→ Data extract:
┌──

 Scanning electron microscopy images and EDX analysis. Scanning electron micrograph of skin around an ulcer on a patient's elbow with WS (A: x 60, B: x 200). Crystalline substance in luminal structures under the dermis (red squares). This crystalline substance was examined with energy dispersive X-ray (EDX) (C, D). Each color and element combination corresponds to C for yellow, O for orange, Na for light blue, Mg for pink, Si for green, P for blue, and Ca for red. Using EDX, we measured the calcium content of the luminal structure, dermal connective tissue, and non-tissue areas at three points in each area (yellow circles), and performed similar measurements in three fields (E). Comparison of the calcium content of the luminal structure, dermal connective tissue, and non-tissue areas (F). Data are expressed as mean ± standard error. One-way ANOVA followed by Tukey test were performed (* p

└──
┌──

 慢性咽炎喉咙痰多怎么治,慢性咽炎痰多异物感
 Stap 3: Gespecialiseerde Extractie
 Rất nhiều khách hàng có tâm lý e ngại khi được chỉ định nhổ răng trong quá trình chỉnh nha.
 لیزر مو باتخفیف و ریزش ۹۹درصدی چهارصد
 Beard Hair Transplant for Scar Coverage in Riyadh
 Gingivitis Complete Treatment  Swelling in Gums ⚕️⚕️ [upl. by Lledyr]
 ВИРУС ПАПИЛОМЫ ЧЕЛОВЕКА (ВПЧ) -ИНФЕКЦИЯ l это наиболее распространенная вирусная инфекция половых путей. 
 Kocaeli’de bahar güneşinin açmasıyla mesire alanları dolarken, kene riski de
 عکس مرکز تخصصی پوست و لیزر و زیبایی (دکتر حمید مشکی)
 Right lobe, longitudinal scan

└──

→ Activity: Show every line of the material above in which "لیزر" is present.

→ Exercise output:
 لیزر مو باتخفیف و ریزش ۹۹درصدی چهارصد
 عکس مرکز تخصصی پوست و لیزر و زیبایی (دکتر حمید مشکی)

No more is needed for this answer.